EXISTS vs. IN

UDA

EXISTS vs. IN

Is EXISTS faster than IN? For example, table B has millions of records.

Select A.student_id from A
where EXISTS
(select student_id from B where A.student_id=B.student_id)

vs.

Select student_id from A
where A.student_id IN (select B.student_id from B)

student_id is NOT NULL
8 REPLIES

Re: EXISTS vs. IN

Hi,
u r query
Select A.student_id from A
where EXISTS
(select student_id from B where A.student_id=B.student_id)

is equivalent to

Select student_id from A
where A.student_id IN (select B.student_id from B where B.student_id is not null)

also the performance wise first query is better.

regds,
sachin

Re: EXISTS vs. IN

Thanks Sachin.
N/A

Re: EXISTS vs. IN


Hi,

Can u pls explain why 'Exists' performance is better than 'in'?

Regards,
abc

Re: EXISTS vs. IN

Hi,

The performance of ‘EXISTS’ and ‘IN’ will be same for queries having fewer members in their expression list.
But if the members in the expression list is more, then the performance of ‘EXISTS’ is better than ‘IN’.
This is because, while using ‘IN’ if the set of constants consists of 70 or fewer members, the system uses hashing to retrieve the rows.
If the set consists of more than 70 members, the system does a full-table scan.
Note that full-table scans are much more time consuming than row hashed accesses.

Regards,
Balamurugan
N/A

Re: EXISTS vs. IN

The SQL that uses EXISTS may be processed as a correlated subquery.

Experience shows that certain correlated subqueries take longer to process than similar SQL's which use a JOIN to achieve the same result.

I'd recommend the IN form of the SQL over the EXISTS form of the SQL.

--Foxbat
N/A

Re: EXISTS vs. IN

In almost any case there will be no difference between an IN-subquery and an EXISTS-correlated subquery, the optimizer will rewrite both to a join.

Compared to a JOIN there's also hardly any difference, if the subquery is the unique part of the 1:m relation.
If the subquery is the m-part, there's an automatic DISTINCT added to the subquery (in Explain that step will be executed before the join), but you have to add it manually to the JOIN (after the join within Explain).
If that subquery column is very non-unique that automatic DISTINCT might be overridden by a GROUP BY to enhance performance.

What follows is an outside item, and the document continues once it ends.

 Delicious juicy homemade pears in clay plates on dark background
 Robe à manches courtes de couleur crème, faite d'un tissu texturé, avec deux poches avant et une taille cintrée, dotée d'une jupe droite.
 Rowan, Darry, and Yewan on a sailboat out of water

If it's NOT IN vs. NOT EXISTS there might be a huge difference, because NOT IN has to deal with NULLs via three-way-logic, whereas NOT EXISTS simply ignores NULL. If there's any NULLable column (inner or outer) used by the subquery, it is recommended to use NOT EXISTS instead of NOT IN. And NOT EXISTS is always more efficient than an Outer Join solution filtering for NULLs.

Dieter

Re: EXISTS vs. IN

I also read a good explaination on the following site. Noting this is an Oracle site I believe logically teradata adhears to this method however functionally it will "create joins" like dieter said:

http://asktom.oracle.com/pls/asktom/f?p=100:11:0::::P11_QUESTION_ID:953229842074

You Asked Tom:

can you give me some example at which situation

IN is better than exist, and vice versa.

and we said...

Well, the two are processed very very differently.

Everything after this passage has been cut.